Search code examples
xquerymarklogic

marklogic data copy from one forest to multiple forest


I need to copy the Marklogic DB contents (50 million xml docs) from one DB host to another. We can do this by doing a backup/restore. But i need to copy the data available in two forests (25 million each) to 20 forests (2.5 million each) and distribute them evenly. can this be done using xqsync or any other utilities?


Solution

  • As wst indicates, Marklogic 7 will do that automatically for you by default for new databases. For databases that you upgrade from earlier versions, you need to enable rebalancing manualy from Admin interface. You can find that setting on the Database Configure tab, near the bottom.

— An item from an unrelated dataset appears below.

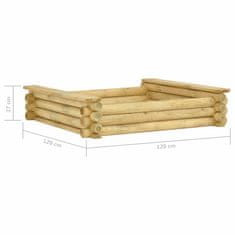 Vidaxl Peskovnik 120x120x27 cm impregnirana borovina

    After that, you just add new forests as needed to your database, and redistribution is automatically triggered after a slight delay (based on a throttle-level like reindexer), also accross a cluster. You can follow rebalancing from the Database Status page in the Admin interface. May take a while though, it is designed to run with low interference on background.

    The other way around is almost as easy. Go to Forests page under Database, and select 'retired' next to the forest you want to remove. This automatically triggers rebalancing documents away from that forest. Once that is done, you just detach it from the Database.

    All data is fully searchable and accessible during all this, though response times can be relatively slow, as caches need to be refreshed as well.

    HTH